Donald Trump Jr. in Utah to campaign for father, raise money for GOP congressional candidate
President’s son says on Pioneer Day, his father ‘recognizes the enormous contribution Latter-day Saints have made’
SALT LAKE CITY — Donald Trump Jr. marked Utah’s Pioneer Day holiday by saying his father, President Donald Trump, “has stood hand-in-hand with the LDS community while protecting religious liberties for all,” during a campaign stop in the state where he also helped raise money for GOP congressional candidate Burgess Owens.
In a press call commemorating the July 24 celebration of members of The Church of Jesus Christ of Latter-day Saints arriving in Utah in 1847, Trump Jr. told reporters his father “recognizes the enormous contribution Latter-day Saints have made to make America the greatest nation in the world.”
Trump Jr. said he, his father and the presidential campaign “congratulate descendants of the Utah pioneers. Through trials and tribulations, they have built wonderful communities based on law and order, and compassion for their neighbors. Through their hard work, thrift and sacrifice, they have helped develop the west.”
He suggested Trump has a lot in common with them, saying “while in Washington, D.C., they may call people like my father outsiders, here in the West they actually call them pioneers. Outsiders and pioneers are people who embody the innovative spirit, curiosity and optimism that is uniquely American.”
As for Trump’s Democratic opponent in November’s presidential election, former Vice President Joe Biden, Trump Jr. slammed Biden for a “total embrace of cancel culture. They’ve canceled the police, they’ve canceled historic monuments, the National Anthem, and the list goes on and on. What’s next? Dare I say our Christian faith?”
But Trump Jr. said the president is “committed to uplifting all communities of faith” and has paid special attention to The Church of Jesus Christ. In 2017, Trump met with church leaders and toured Welfare Square while in the state to announce reductions in Utah’s Bears Ears and Grand Staircase-Escalante National Monuments.
“While in Washington, D.C., they may call people like my father outsiders, here in the West they actually call them pioneers. Outsiders and pioneers are people who embody the innovative spirit, curiosity and optimism that is uniquely American.” — Donald Trump Jr.

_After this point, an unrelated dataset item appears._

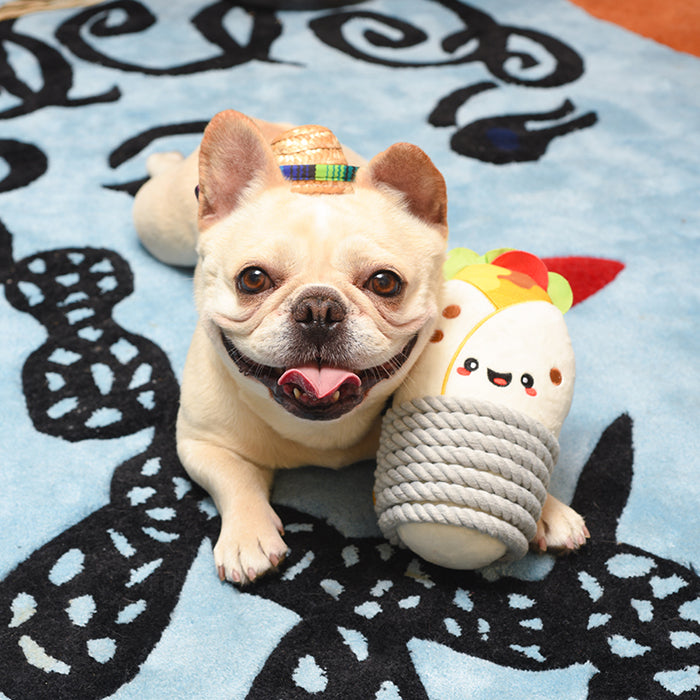 Fiesta Chewsday — Burrito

Scott Howell, a key supporter of Biden in Utah and a former Democratic leader in the state Senate, said Trump Jr. chose “to spew political rhetoric in the great state of Utah during our pioneer celebration. Unfortunately, I don’t believe Brigham Young would approve of the comments made.”

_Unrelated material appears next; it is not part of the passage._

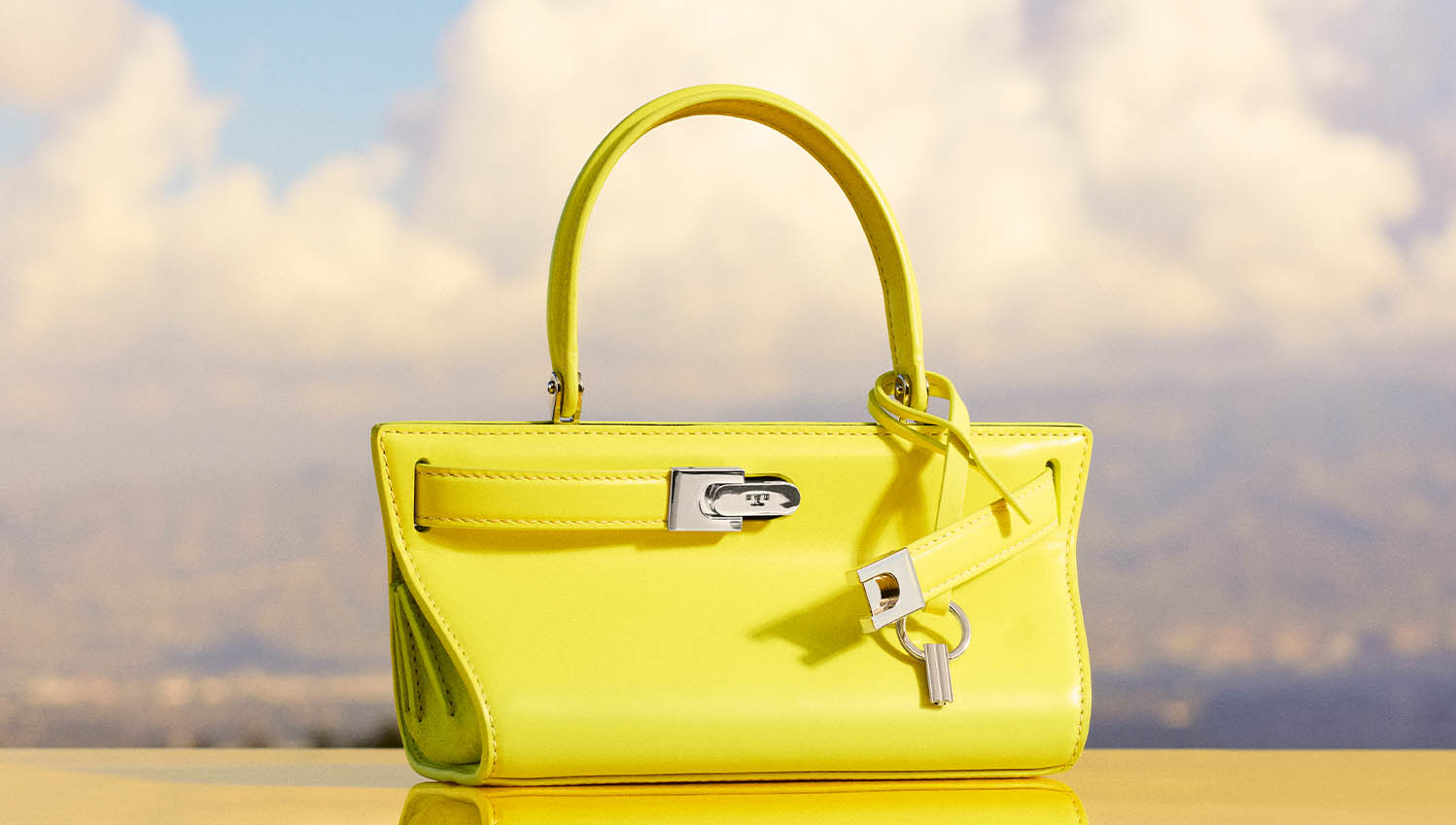 Lee Radziwill Cat Eye Bag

Howell said Biden “continues to garner great support among all political parties and individuals who want stability and predictability in their commander-in-chief, not what we have been receiving the last three and a half years. Taking personal potshots at the vice president, negative campaigning, has never won over Utahns.”

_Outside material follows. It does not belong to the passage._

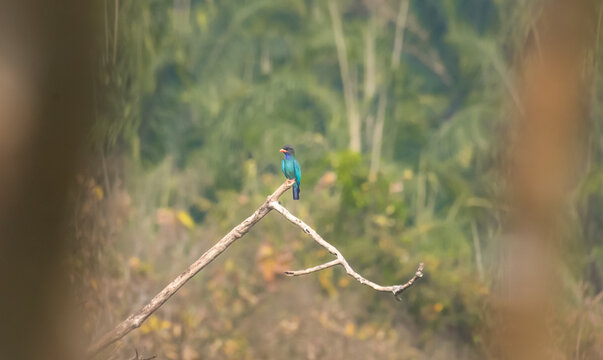 An Oriental Dollarbird (Eurystomus orientalis) perched on a dry tree branch in its natural habitat. This colorful wild bird is captured against a soft, blurred background.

Trump faces a tough battle for reelection, but Trump Jr. said he’s “not so concerned about Utah as a state. I mean, I think it’s a very conservative state. But I do think it’s important to sort of energize the LDS community. I think that’s going to be important, in some of the surrounding states as well” that have many church members.
Trump took Utah four years ago, but with just over 45% of the vote, his lowest margin of victory of any state that he won. Utah, a state that has not elected a Democratic president since 1964, is no longer seen as solidly Republican by some national analysts, although it is still viewed as likely going again for Trump.
In the last presidential election, Trump Jr. said he “legitimately understands the skepticism” church members may have had about voting for his father, likely asking themselves questions including, “Would Donald Trump deliver for religious liberty? Would Donald Trump be as pro-life as he said he’s going to be?”
Trump, the president’s son said, “has delivered on all of those promises, probably more so than any conservative, any president, in modern history. So I would imagine the community is much more in sync with Donald Trump right now, much more understanding of him and that he is the guy that will deliver for them because he’s done it.”
Trump Jr. greeted Owens’ campaign volunteers at Colonial Flag in Sandy, telling them he learned as a child visiting Eastern Europe with his maternal grandfather that “America is the greatest nation in the world and she is worth fighting for. But we have to actually fight. We cannot just roll over and die because the other side would like us to.”
He said Owens, a former NFL player and frequent Fox News guest who’s challenging Rep. Ben McAdams, D-Utah, will help Republicans reclaim the House, describing the GOP congressional leadership in place at the start of his father’s term as “weak.”
Later, Trump Jr. was to meet with a group of Owens’ contributors at a private home in Spanish Fork before the start of the evening’s Fiesta Days Rodeo. Owens spokesman Jesse Ranney said the event was not a ticketed fundraiser, but participants would be encouraged to give more to the campaign.
“Don Jr. has been very supportive of us,” Ranney said.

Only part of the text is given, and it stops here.